There's too much noise to improve things unless you do a bunch of cleaning and filtering that's also somewhat expensive.
If you constrain the task (for example, use past generations from your own product) you get much further along though.
I've thought about building a Chrome plugin to do something useful for ChatGPT web users doing a task relevant to what my product does, then letting them opt into sharing their logs.
That's probably a bit more tenable for most users since they're getting value, and if your extension can do something like produce prompts for ChatGPT, you'll get data that actually overlaps with what you're doing.

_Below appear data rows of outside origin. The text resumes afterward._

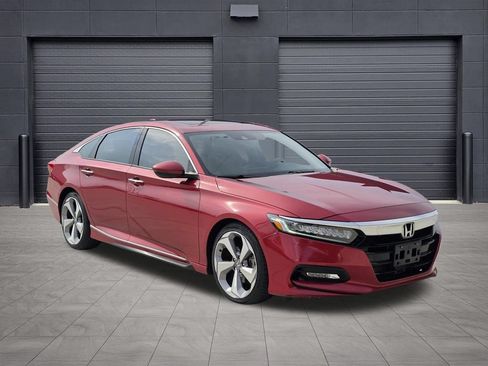Used 2018 Honda Accord Touring image 3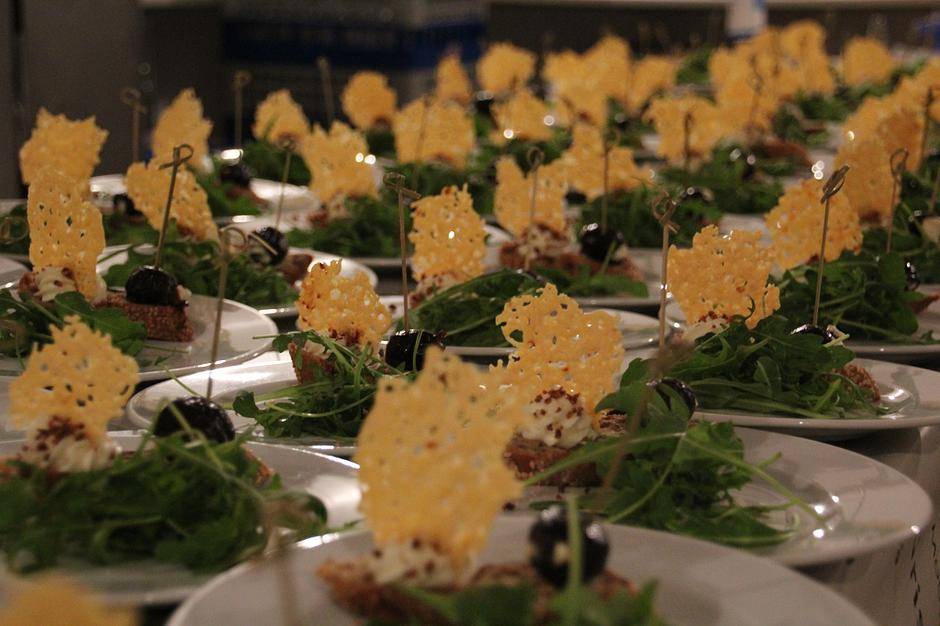 Des entrées dressées pour un repas de mariage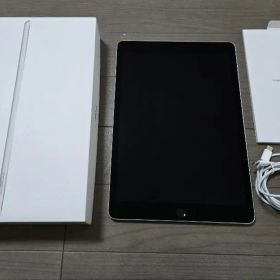 iPad（第9世代）10.2インチ Wi-Fiモデル 64GB シルバー
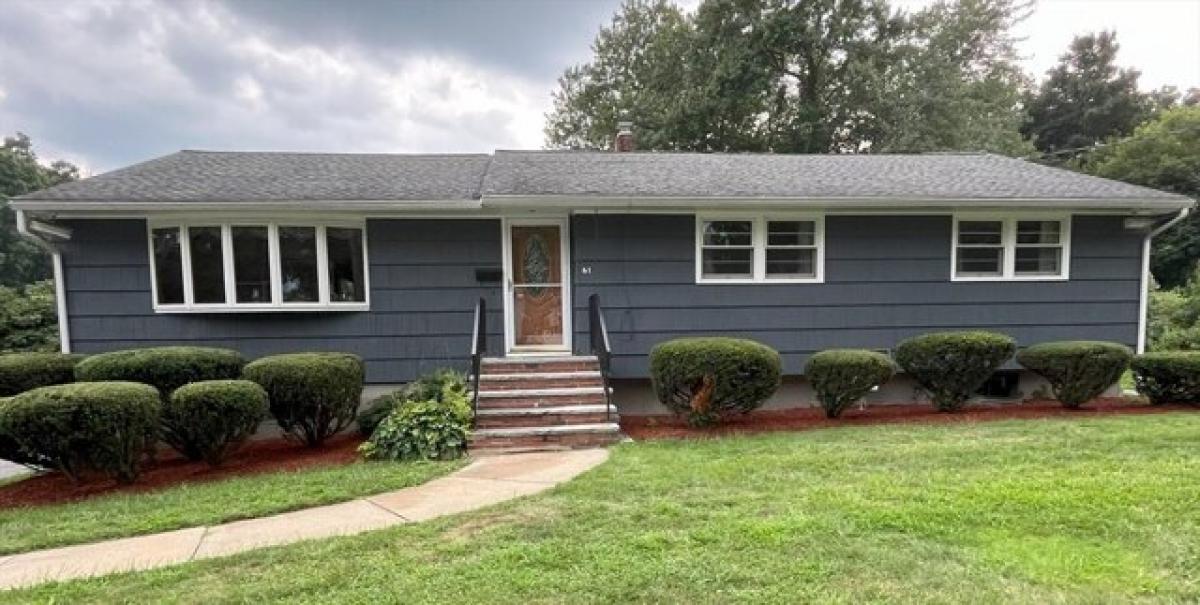 Picture of Home For Sale in Lowell, Massachusetts, United States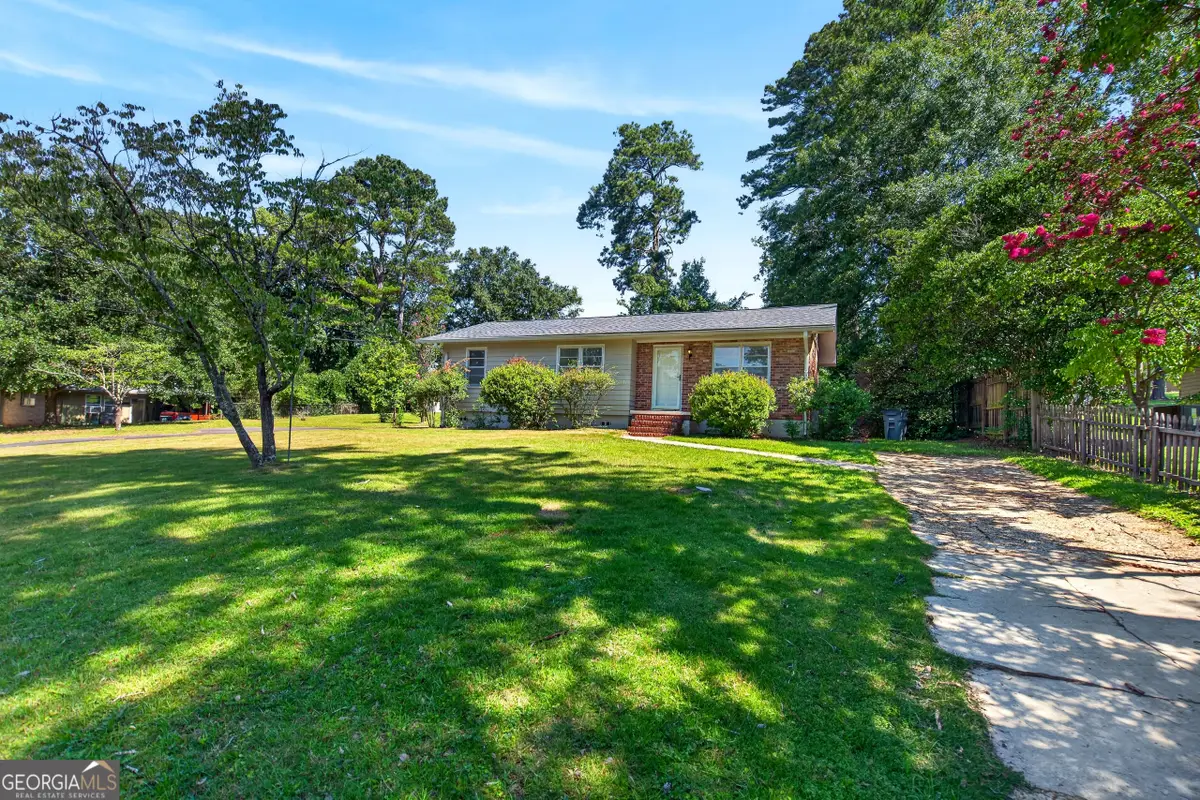 204 S Chilton Crescent, Lagrange, GA 30240 - #1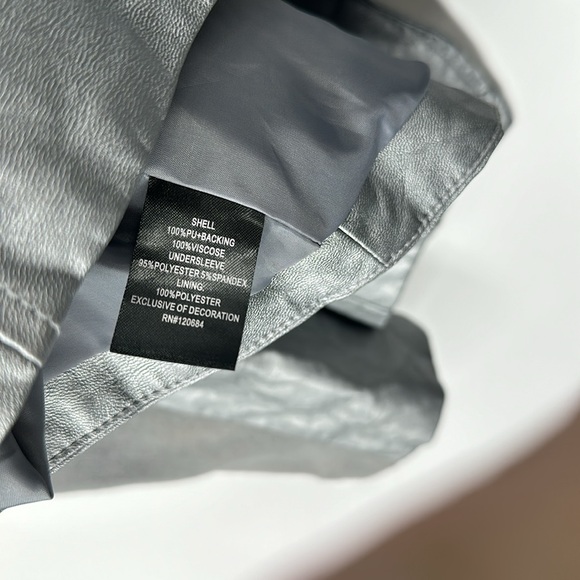 Torrid Plus Size 4 silver gray moto zip jacket - Picture 5 of 5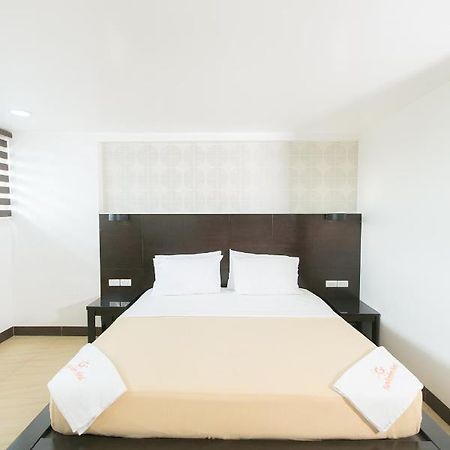 Sun Garden Hotel Tarlac Eksteriør billede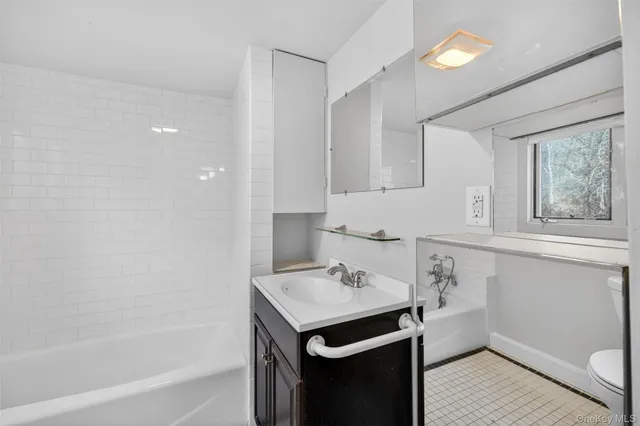 $695,000 | 125 Mountain Rest Road, New Paltz, NY 12561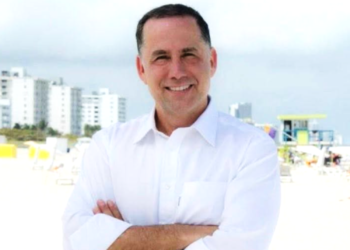 Escándalo Epstein sacude Miami Beach: Exalcalde Philip Levine bajo fuego por acusaciones de agresión sexual
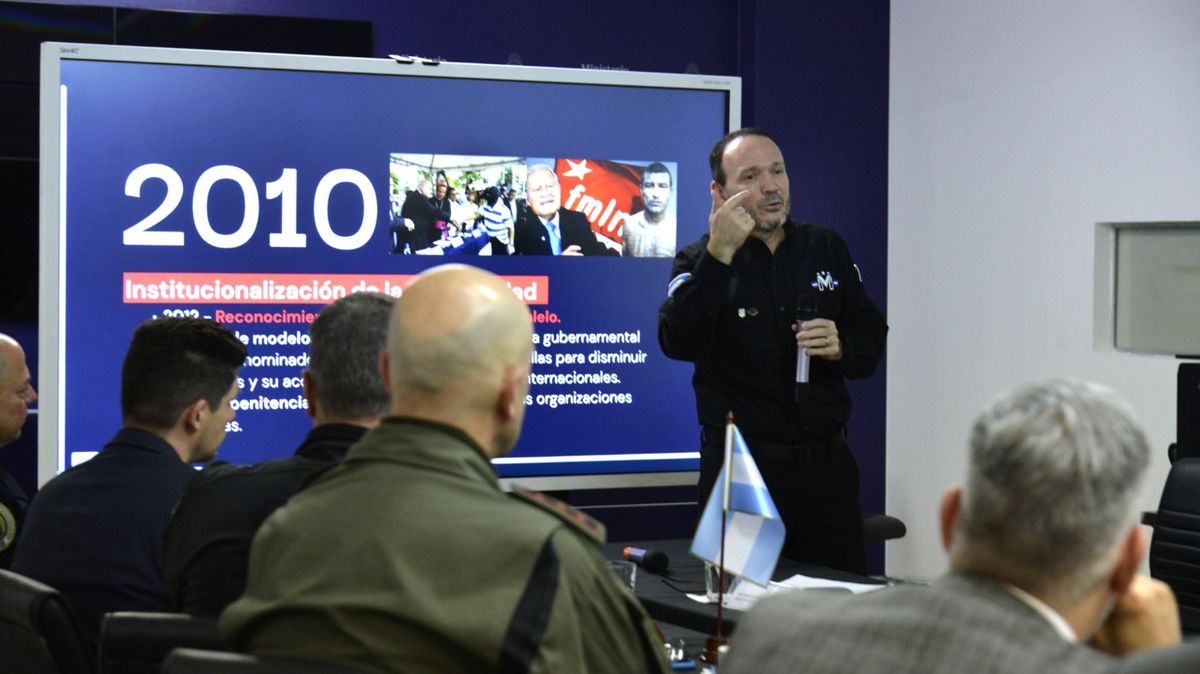 El ministro de Seguridad de El Salvador, Gustavo Villatoro, compartió con los presentes el plan de Nayib Bukele para terminar con la delincuencia en el país centroamericano que supo ser el más violento de la región. El ministro de Seguridad de El Salvador, Gustavo Villatoro, compartió con los presentes el plan de Nayib Bukele para terminar con la delincuencia en el país centroamericano que supo ser el más violento de la región.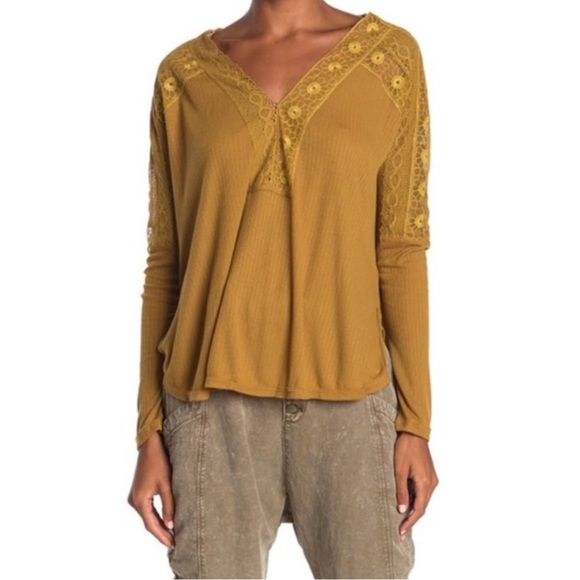 Free People Lola Lace Trim Top In Alchemy Khaki - Picture 1 of 7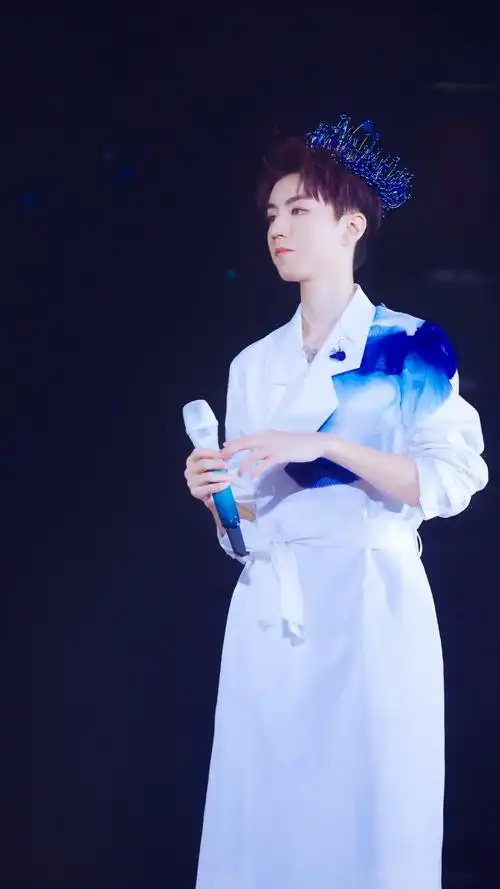 王俊凯无边界演唱会 - 堆糖,美图壁纸兴趣社区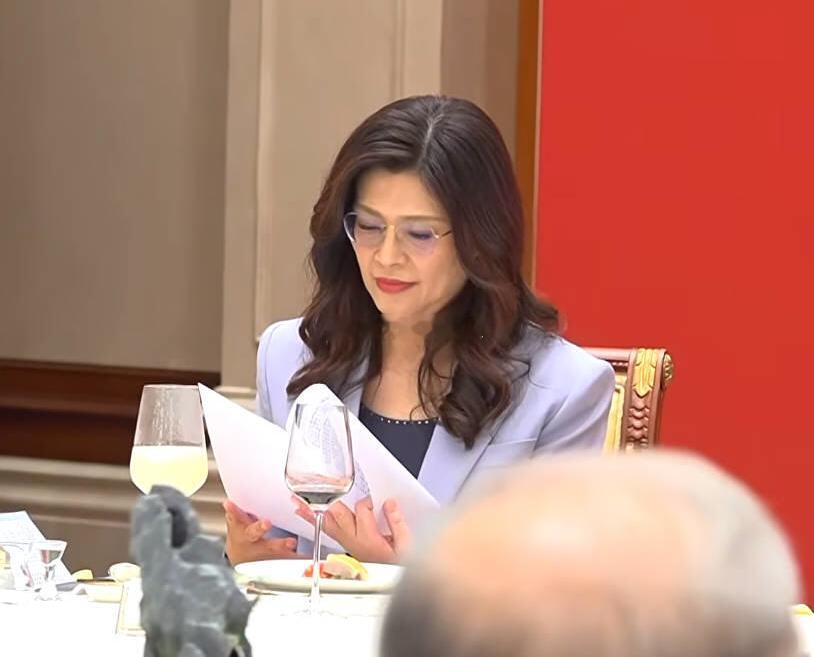 2025年我国人均读书8.39本    统计年读书量，论本，这个统计单位挺有意思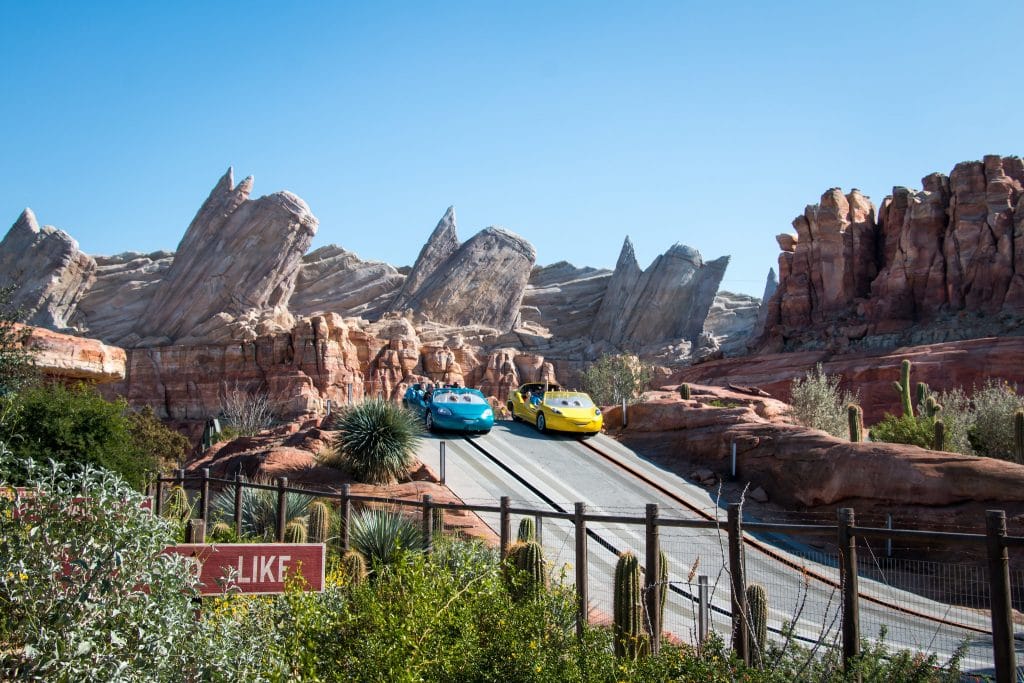 加州迪士尼爽快賽車Radiator Springs Racers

There is an A16z company that does exactly this, called yupp.ai. They need genuine labelling/feedback in return, but you get to either spend credits on expensive APIs or cash out. Likewise, openrouter has free endpoints from some providers who will retain your sessions for training.
Two things. First, no one wants your AI chat histories. They want to interact with the LLM themselves. Second, their business models break down when they can't steal content to train on. Paying for training data on a large scale is out of the question.
Seriously, make a browser extension that people can turn on and off (no need to be dishonest here), and pay people to upload their AI chats, and possibly all the other content they view.
If Reddit wont let you scrape, pay people to automatically upload the Reddit comments they view normally.
If Claude cuts you off, pay people to automatically upload their Claude conversations.
Am I crazy, am I hastening dystopia?